Nevertheless, I hope I have shown that re-designing the queue (drivers) to support high throughput AND ultra-reliable operations AT THE SAME TIME is far from being a trivial task. To do it right, it involves some other changes too.

2009-05-11

rsyslog configuration graphs

I worked today on adding a configuration graphing capability to rsyslog. This was inspired by many discussions about how the rule engine works. From a high-level perspective, rsyslog is “just” a configurable message router, that routes messages from a set of inputs to a set of outputs, potentially with transformations doing to the messages. Rsyslog does so via the rule set, which is the most important part of the configuration file. In that sense, rsyslog is a configurable state machine and the rule set is its configuration.

While typical syslog configurations are rather simple and easy to understand, complex ones can be challenging. The graphing capability we now have provide a high-level, human-readable representation of rsyslogd’s internal control structures. The beauty with that is that every user can create an exact right diagram from his own configuration.

I hope this is a useful tool for documenting a system setup, but I also think it is a very valuable tool for learning to understand rsyslog as well troubleshooting problems with message processing.

With that said, I now send you to the new graphing feature manual page, which I hope provides sufficient insight into how this feature is used.

But… here is a sample graph to whet your appetite:

2009-05-08

Can “more reliable” actually mean “less reliable”?

On the rsyslog mailing list, we currently have a discussion about how reliable rsyslog should be. It circles about a small potential window of message loss in the case of sudden power failure. Rsyslog can be configured to put all messages into a disk queue (instead of main memory), so these messages survive such a powerfail condition. However, messages dequeued and scheduled for processing during the power outage may be lost.

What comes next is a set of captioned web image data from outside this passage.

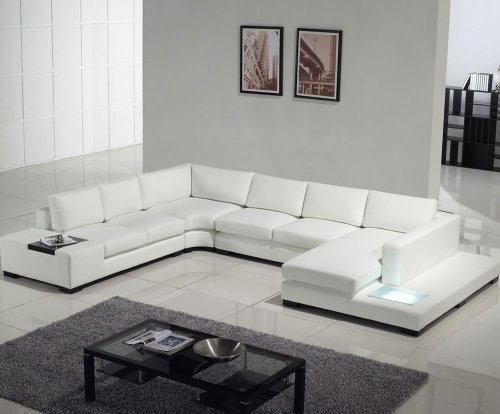 TOSH Furniture Modern White Leather Sectional Sofa Set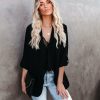 Clothing * | Lush-001 Streamline Pocketed Textured Blazer Black Final Sale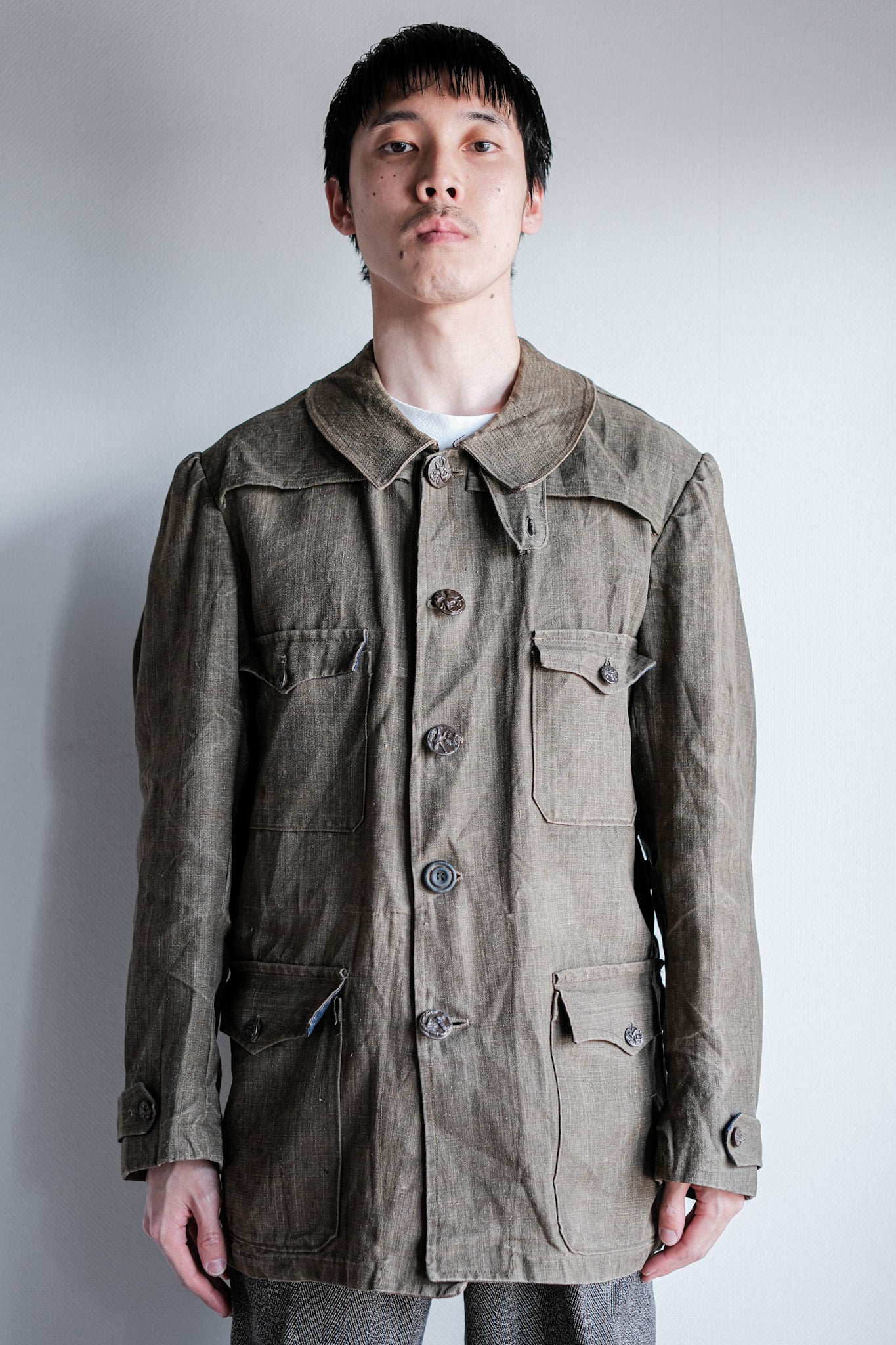 ［~20's］French Vintage Linen Canvas Hunting Jacket With Chin Strap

I now consider a case where we have bursty UDP traffic and rsyslog is configured to use a disk-only queue (which obviously is much slower than an in-memory queue). Looking at processing speeds, the max burst rate is limited by using an ultra-reliable queue. To avoid using UDP messages, a second instance could be run that uses an in-memory queue and forwards received messages to the one in ultra-reliable mode (that is with the disk-only queue). So that second instance queues in memory until the (slower) reliable rsyslogd can now accept the message and put it into the reliable queue. Let’s say that you have a burst of r messages and that from these burst only r/2 can be enqueued (because the ultra reliable queue is so slow). So you lose r/2 messages.

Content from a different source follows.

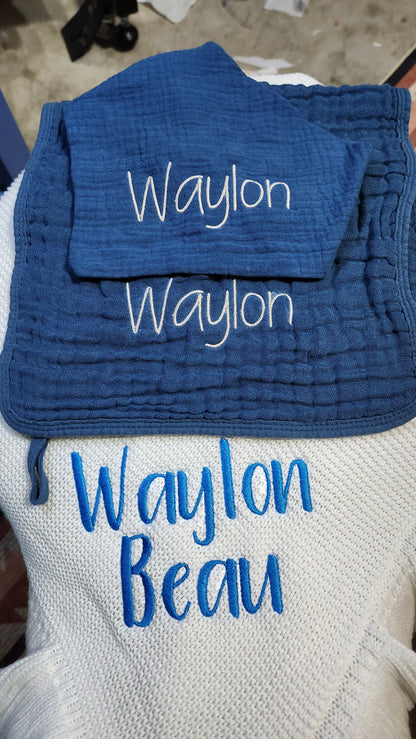Baby Boy Muslin Bandana Bib, & Burp Cloth | Custom Name or Initials Embroidered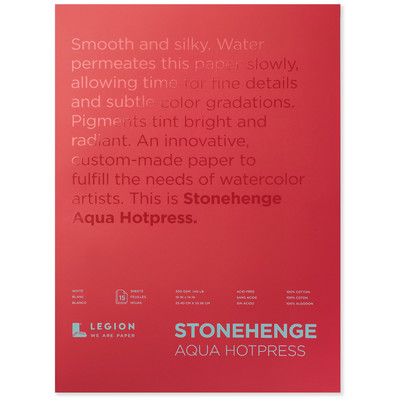 Stonehenge Aqua Hotpress 100% Cotton Paper Block, 9" x 12" (140lb)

Now consider the case that you run rsyslog with just a reliable queue, one that is kept in memory but not able to cover the power failure scenario. Obviously, all messages in that queue are lost when power fails (or almost all to be precise). However, that system has a much broader bandwidth. So with it, there would never have been r messages inside the queue, because that system has a much higher sustained message rate (and thus the burst causes much less of trouble). Let’s say the system is just twice as fast in this setup (I guess it usually would be *much* faster). Than, it would be able to process all r records.

In that scenario, the ultra-reliable system loses r/2 messages, whereas the somewhat more “unreliable” system loses none – by virtue of being able to process messages as they arrive.

Now extend that picture to messages residing inside the OS buffers or even those that are still queued in their sources because a stream transport blocked sending them.

I know that each detail of this picture can be argued at length about.

However, my opinion is that there is no “ultra-reliable” system in life, only various probabilities in losing messages. These probabilities often depend on each other, what makes calculating them very hard to impossible. Still, the probability of message loss in the system at large is just the product of the probabilities in each of its components. And reliability is just the inverse of that probability.

This is where *I* conclude that it can make sense to permit a system to lose some messages under certain circumstances, if that influences the overall probability calculation towards the desired end result. In that sense, I tend to think that a fast, memory-queuing rsyslogd instance can be much more reliable compared to one that is configured as being ultra-reliable, where the rest of the system at large is badly influenced by this (the scenario above).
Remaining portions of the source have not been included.